[WHAT TO WORK ON] Could you transcribe the entries below exactly, starting at the line that contains "Avengers #7 CBCS" and stopping at the last line, without any pictures?

***** DATA RECORDS

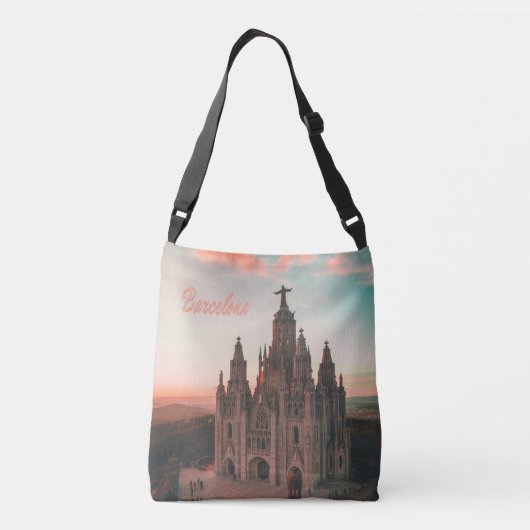 Kerk van Barcelona Spanje Crossbody Tas (Achterkant)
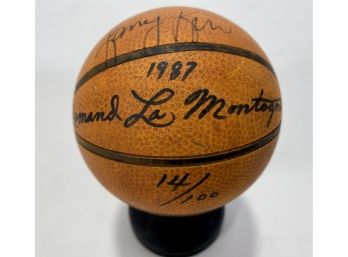 Famed Sports Sculptor Armand LaMontagne Limited Edition Miniature Basketball /100 Signed By Larry Bird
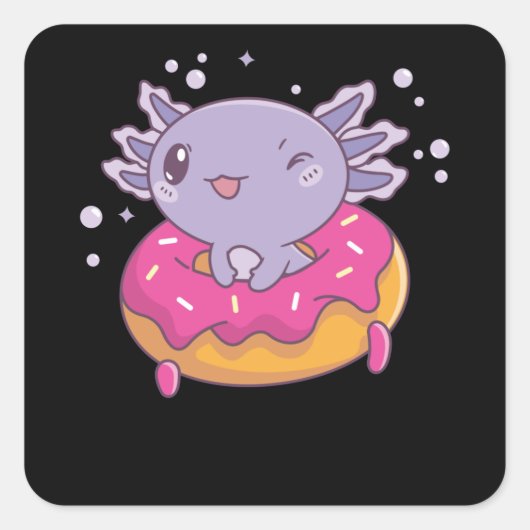 Snaxolotl Axolotl Donut Lovers Sweet Animals Quadratischer Aufkleber (Vorderseite)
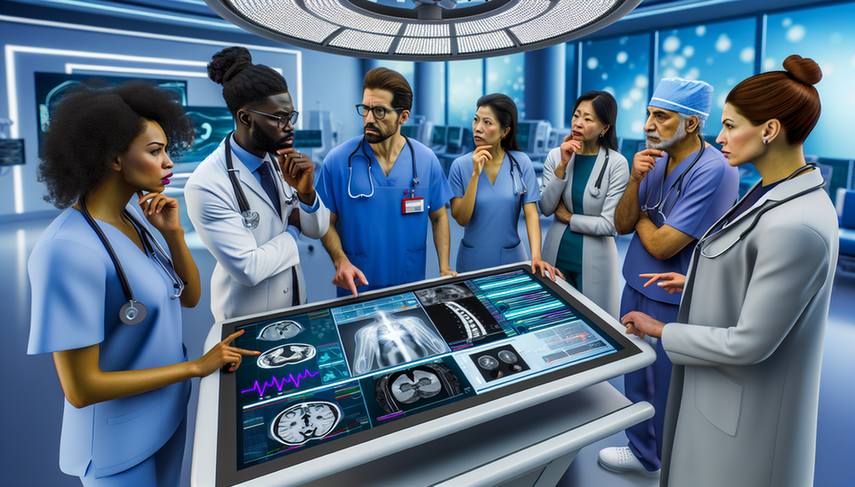 A diverse group of doctors discusses in front of a digital screen in a modern hospital, analyzing a diagnostic algorithm with a highlighted potential error. The scene reflects a high-tech and collaborative environment, emphasizing legal liability, diagnostic errors, and the role of AI in medicine.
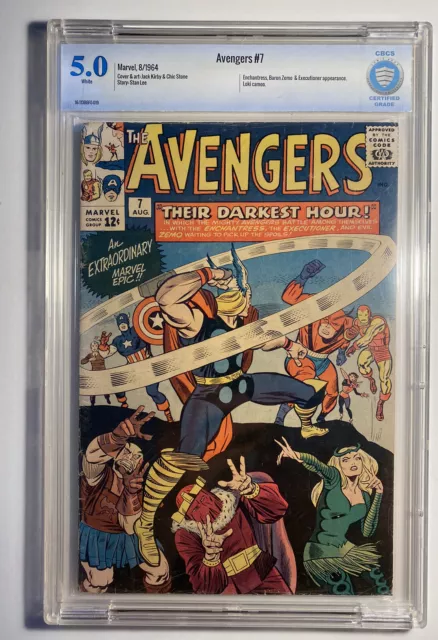 Avengers #7 CBCS 5.0 WH [Marvel 1964] Baron Zemo and Loki appearance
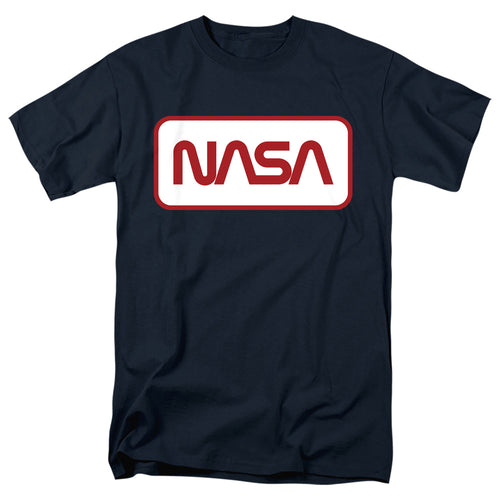 NASA - Rectagular Worm Logo - Adult Unisex Short Sleeve T-Shirt - Blue
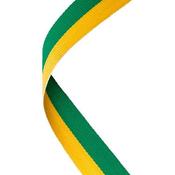 22mm Clip On Ribbon - Green &amp; Yellow image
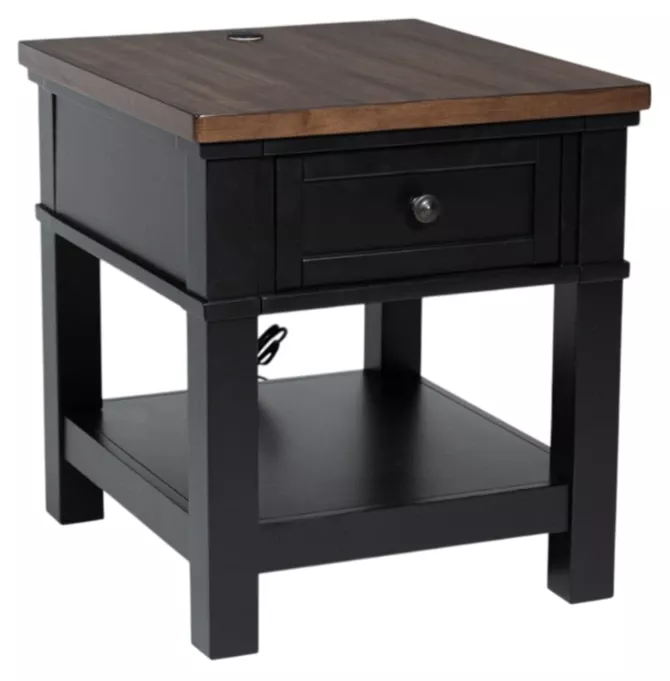 Signature Design by Ashley Wildenauer Brown End Table with Black Base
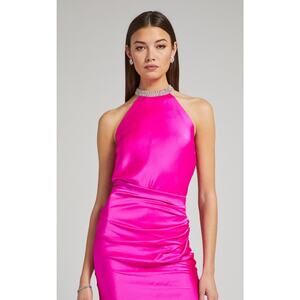 Generation Love Ellis Satin Halter Top Embellished Sleeveless Hot Pink Large NEW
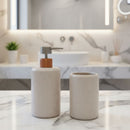 Kit Banheiro 2 Peças Lavabo Conjunto Saboneteira Dispenser e Porta Escovas Porcelana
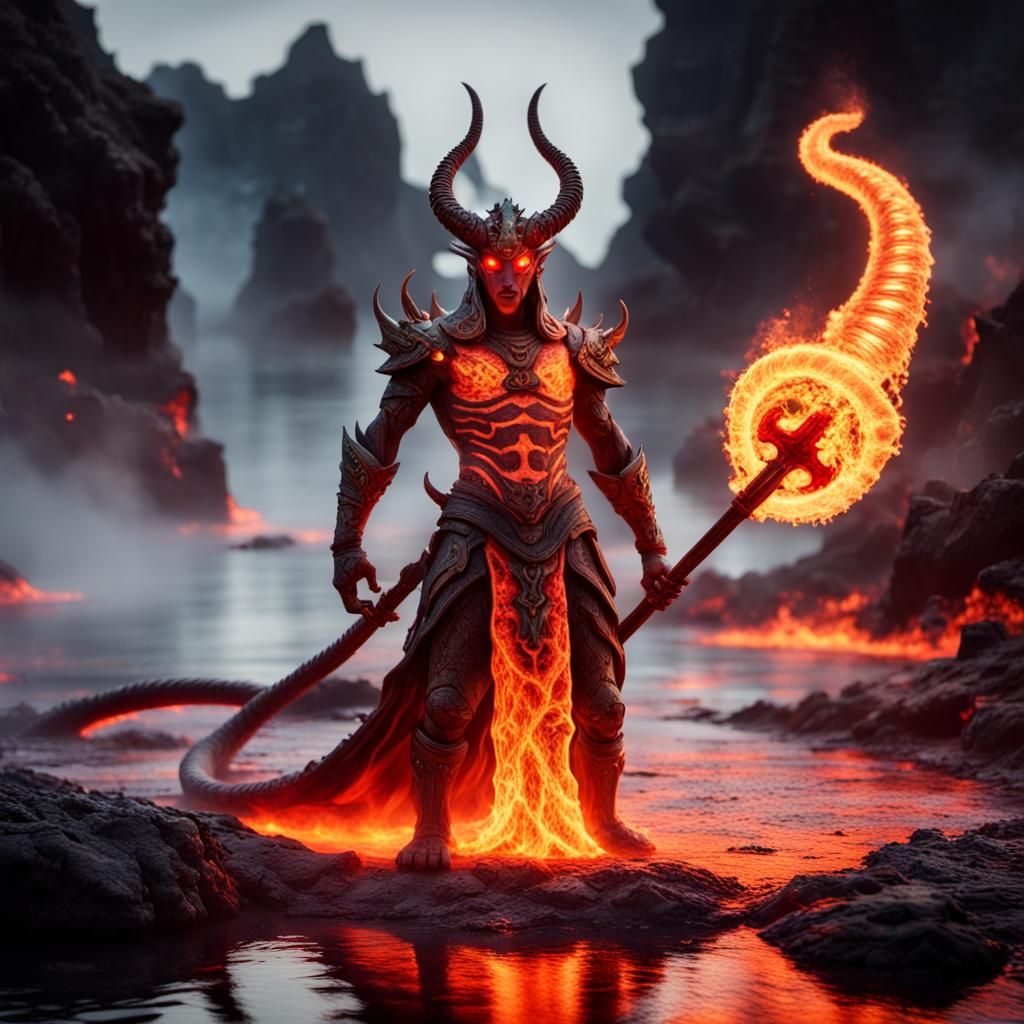 mystical being emerging from a lake of molten lava, holding ...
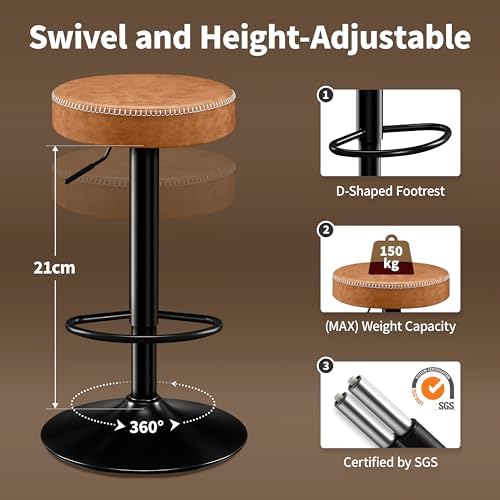 STOOLINK Tall Bar Stools Set of 2, Microfiber Leather Bar Height Stools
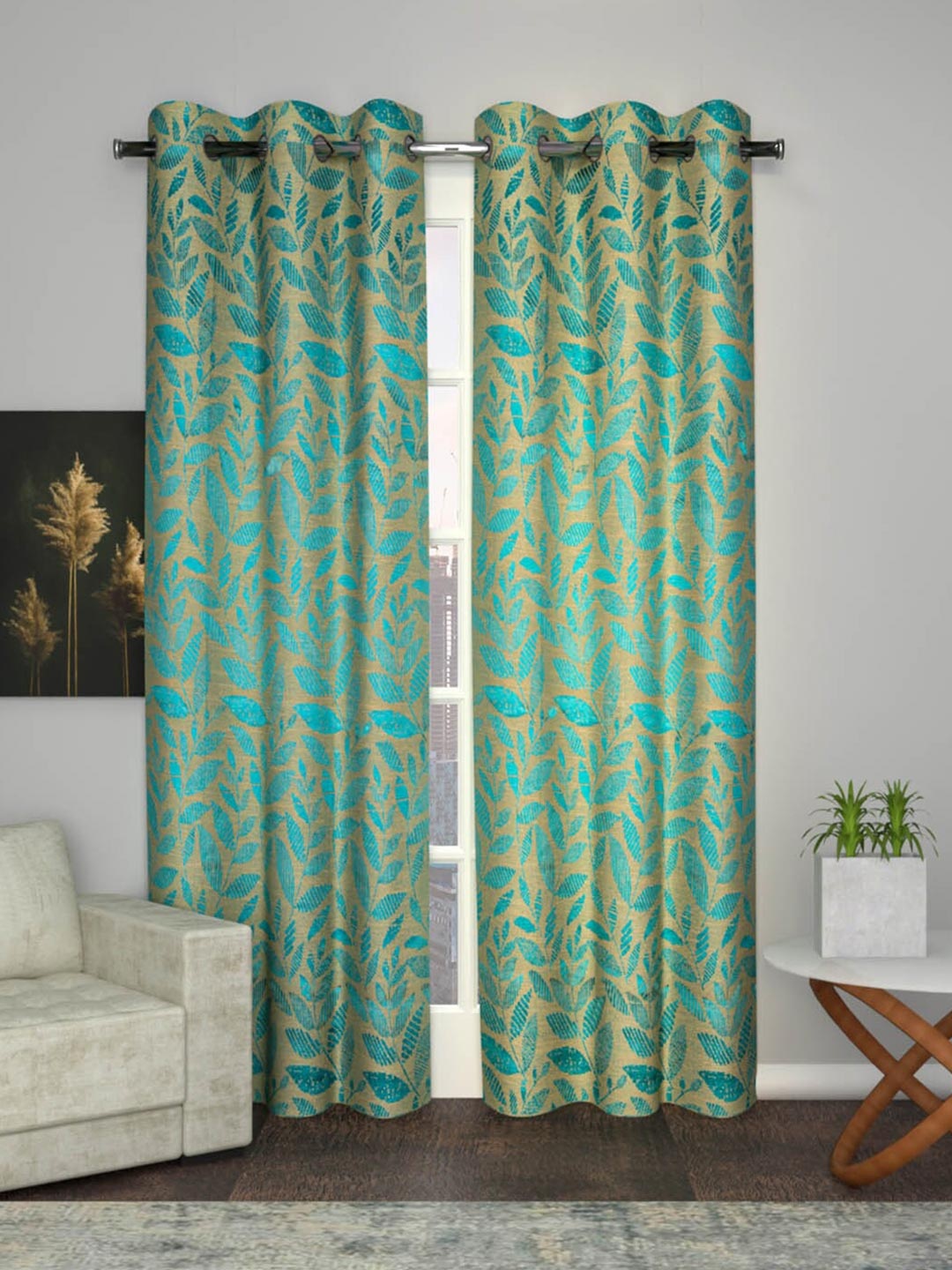 

Soumya Teal & Green Floral Room Darkening Long Door Curtain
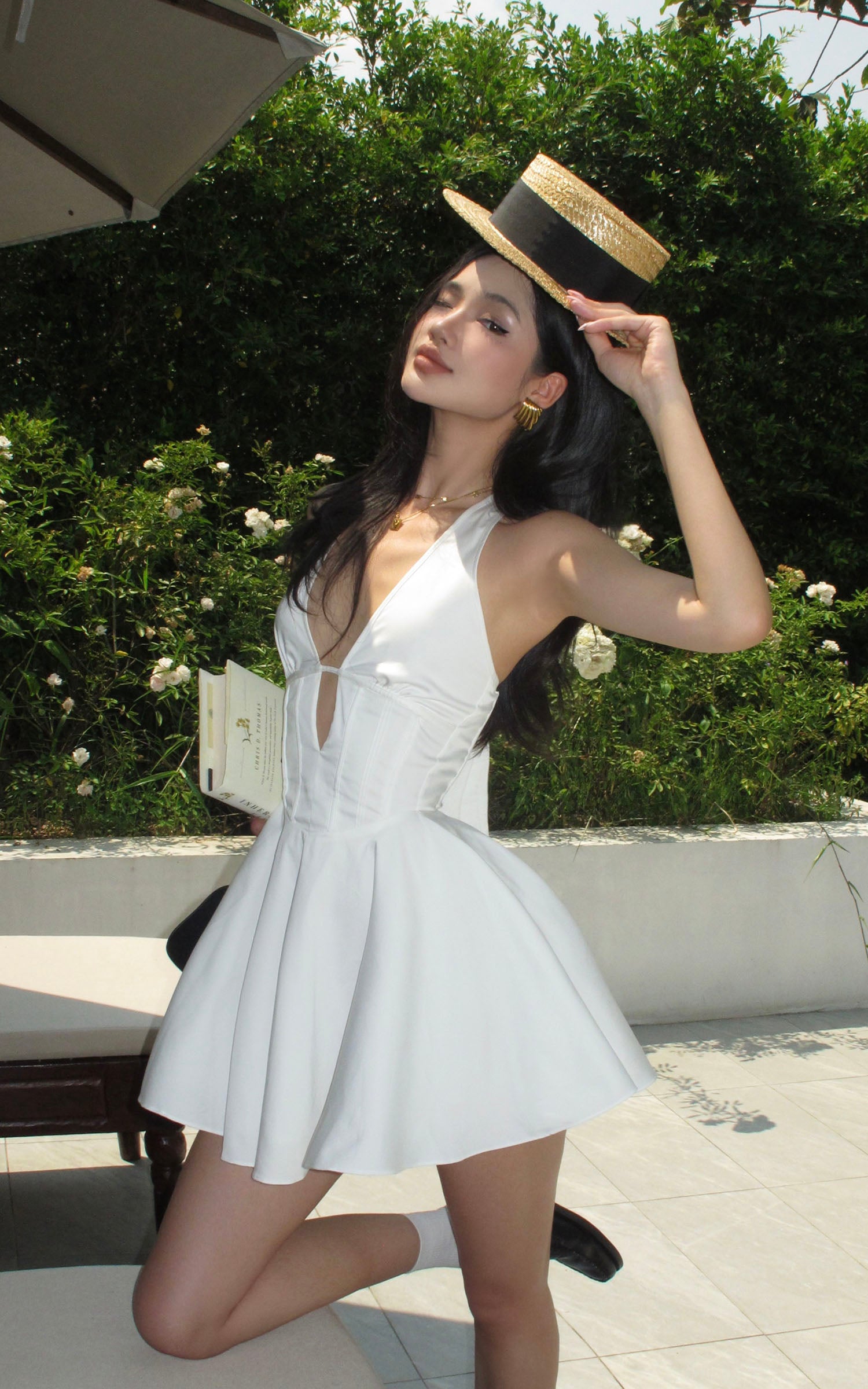 ROVENTE Deep V Halter Mini Dress with Flared Skirt - PINKPARKS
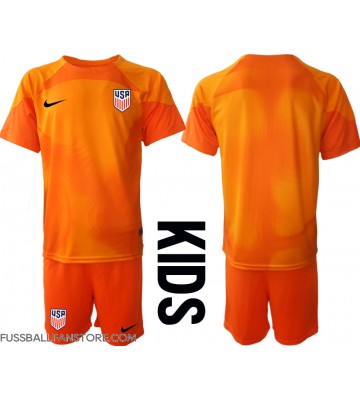 Vereinigte Staaten Torwart Replik Heimtrikot Kinder WM 2022 Kurzarm (+ Kurze Hosen)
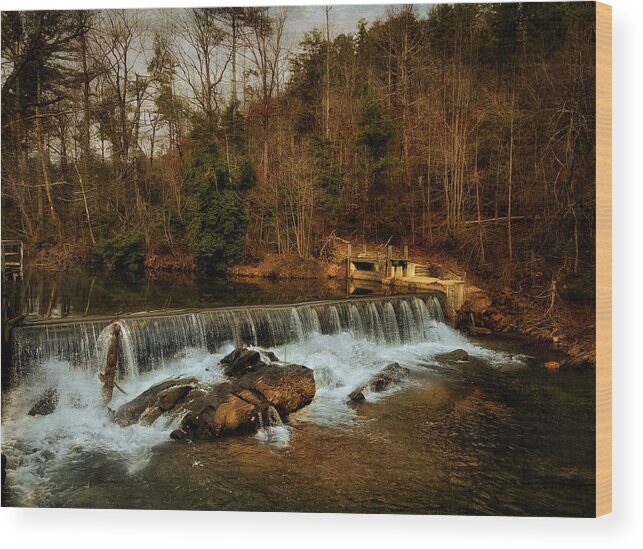 Black And White Wood Print featuring the photograph Waterfall #1 by Mario Celzner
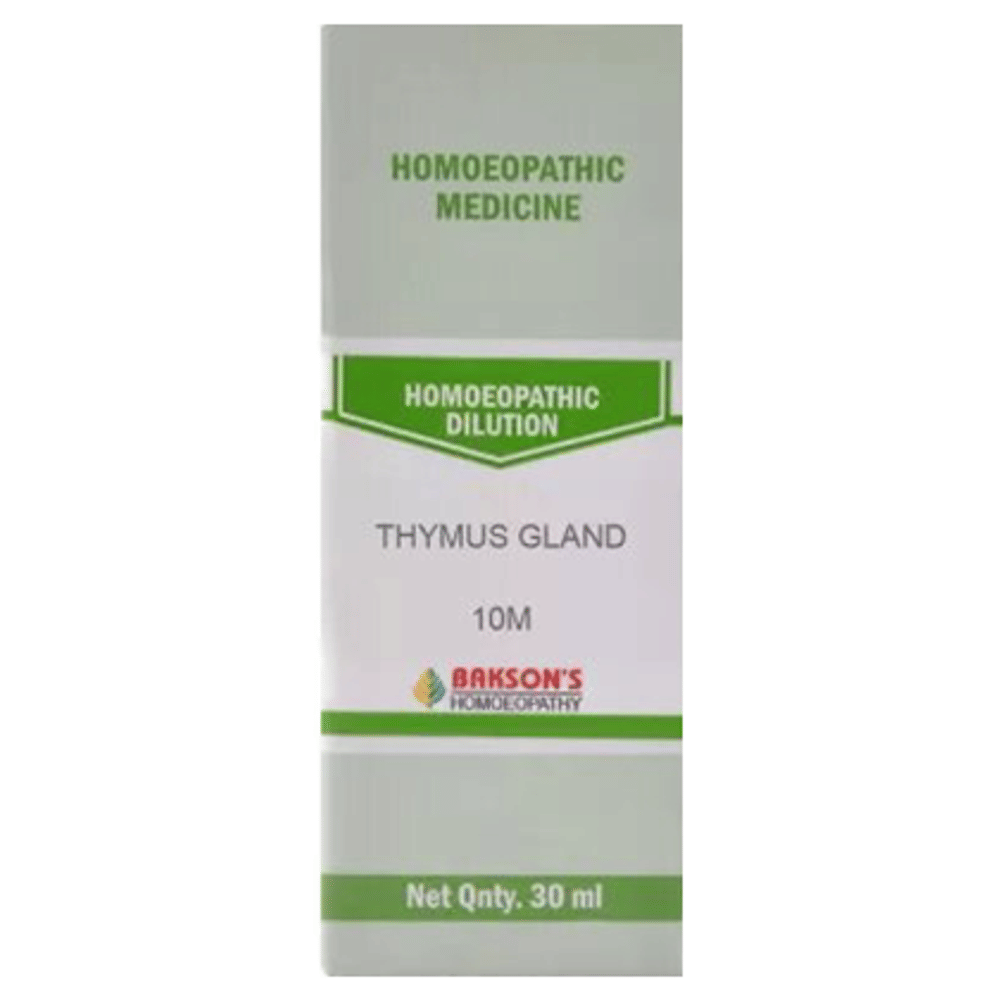 Bakson's Homeopathy Thymus Gland Dilution 10M bottle of 30 ml Dilution Bakson's Homeopathy Thymus Gland Dilution 10M bottle of 30 ml Dilution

**********

[SOLUTION FOR THIS EXERCISE]
 Avengers #7 CBCS 5.0 WH [Marvel 1964] Baron Zemo and Loki appearance
 NASA - Rectagular Worm Logo - Adult Unisex Short Sleeve T-Shirt - Blue
 22mm Clip On Ribbon - Green &amp; Yellow image
 Signature Design by Ashley Wildenauer Brown End Table with Black Base
 Generation Love Ellis Satin Halter Top Embellished Sleeveless Hot Pink Large NEW
 Kit Banheiro 2 Peças Lavabo Conjunto Saboneteira Dispenser e Porta Escovas Porcelana
 mystical being emerging from a lake of molten lava, holding ...
 STOOLINK Tall Bar Stools Set of 2, Microfiber Leather Bar Height Stools

Soumya Teal & Green Floral Room Darkening Long Door Curtain
 ROVENTE Deep V Halter Mini Dress with Flared Skirt - PINKPARKS
 Vereinigte Staaten Torwart Replik Heimtrikot Kinder WM 2022 Kurzarm (+ Kurze Hosen)
 Black And White Wood Print featuring the photograph Waterfall #1 by Mario Celzner
 Bakson's Homeopathy Thymus Gland Dilution 10M bottle of 30 ml Dilution Bakson's Homeopathy Thymus Gland Dilution 10M bottle of 30 ml Dilution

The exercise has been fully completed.